BEGIN

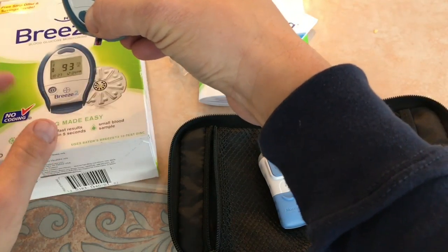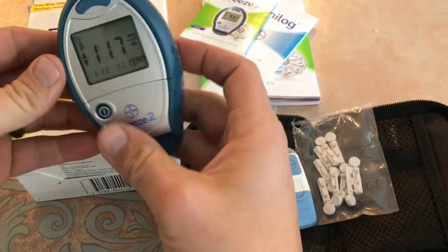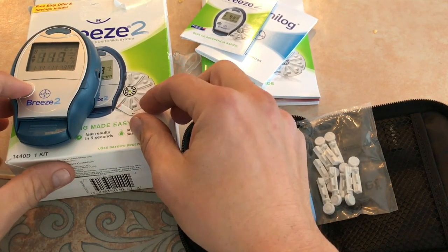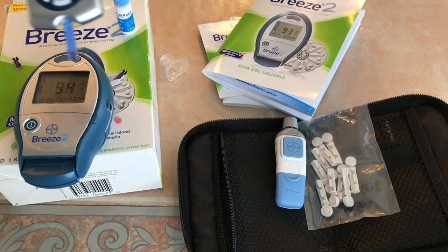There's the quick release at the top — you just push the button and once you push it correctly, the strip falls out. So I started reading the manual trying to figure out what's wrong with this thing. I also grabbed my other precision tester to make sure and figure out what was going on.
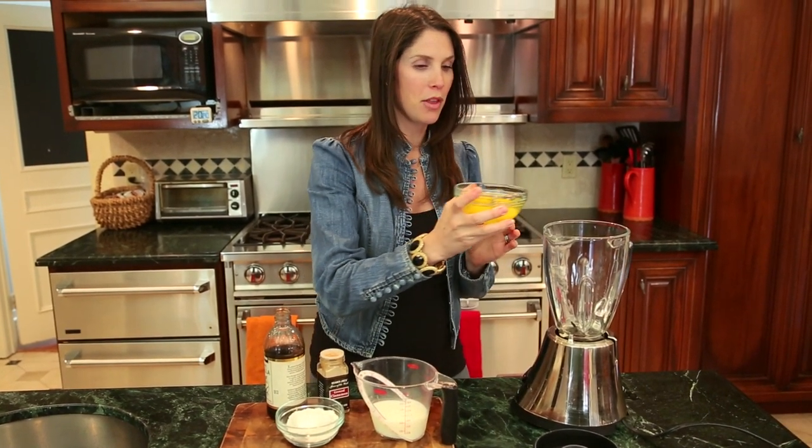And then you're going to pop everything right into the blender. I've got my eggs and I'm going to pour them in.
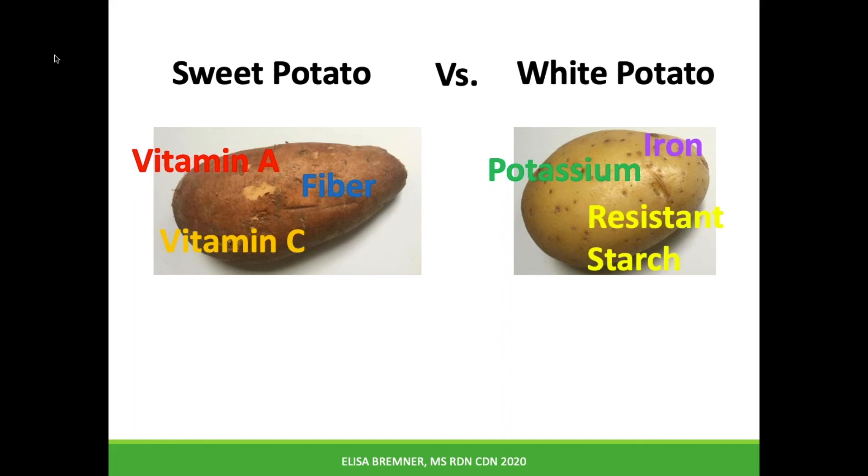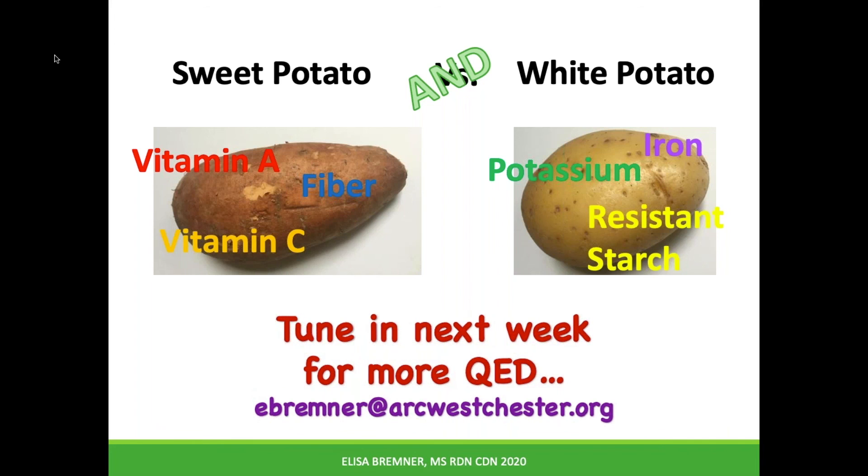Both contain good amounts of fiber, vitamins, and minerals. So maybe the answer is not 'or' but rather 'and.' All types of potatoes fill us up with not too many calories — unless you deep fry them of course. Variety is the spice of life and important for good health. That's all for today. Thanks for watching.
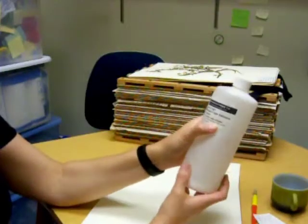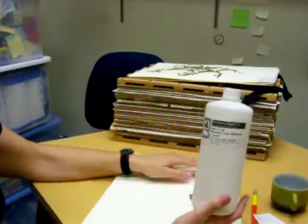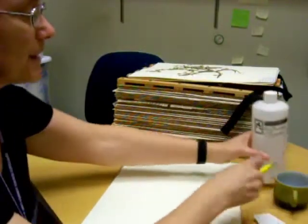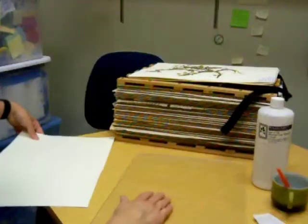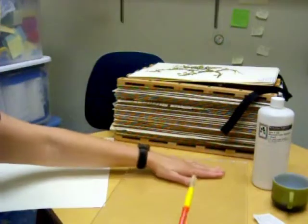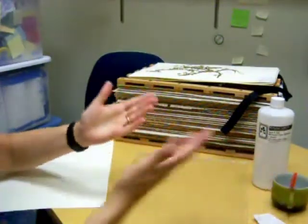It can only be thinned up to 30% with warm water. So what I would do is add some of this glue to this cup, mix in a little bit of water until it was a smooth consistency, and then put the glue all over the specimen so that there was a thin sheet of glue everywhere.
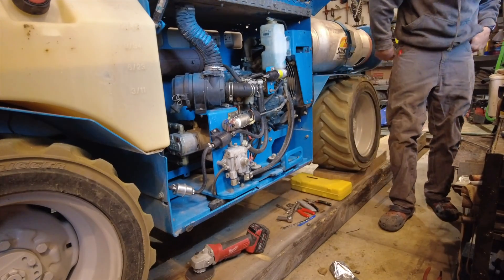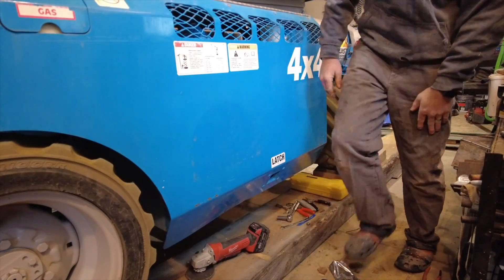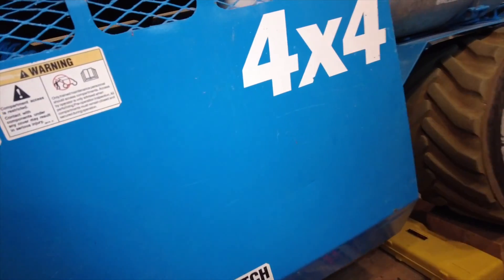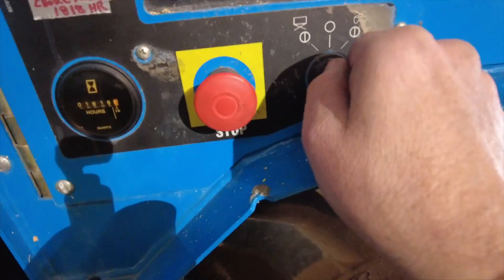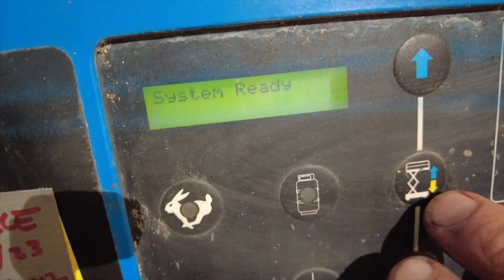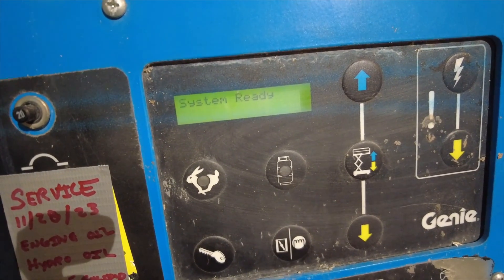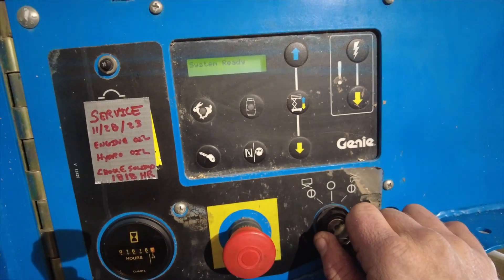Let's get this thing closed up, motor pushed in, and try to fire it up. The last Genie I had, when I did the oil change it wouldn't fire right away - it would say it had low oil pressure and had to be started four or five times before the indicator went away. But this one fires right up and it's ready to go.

END

▸ **TASK DETAILS**
Print the material word for word; images are to be left out.

▸ **SOLUTION TO THIS PROBLEM**
There's the quick release at the top — you just push the button and once you push it correctly, the strip falls out. So I started reading the manual trying to figure out what's wrong with this thing. I also grabbed my other precision tester to make sure and figure out what was going on.
And then you're going to pop everything right into the blender. I've got my eggs and I'm going to pour them in.
Both contain good amounts of fiber, vitamins, and minerals. So maybe the answer is not 'or' but rather 'and.' All types of potatoes fill us up with not too many calories — unless you deep fry them of course. Variety is the spice of life and important for good health. That's all for today. Thanks for watching.
It can only be thinned up to 30% with warm water. So what I would do is add some of this glue to this cup, mix in a little bit of water until it was a smooth consistency, and then put the glue all over the specimen so that there was a thin sheet of glue everywhere.
Let's get this thing closed up, motor pushed in, and try to fire it up. The last Genie I had, when I did the oil change it wouldn't fire right away - it would say it had low oil pressure and had to be started four or five times before the indicator went away. But this one fires right up and it's ready to go.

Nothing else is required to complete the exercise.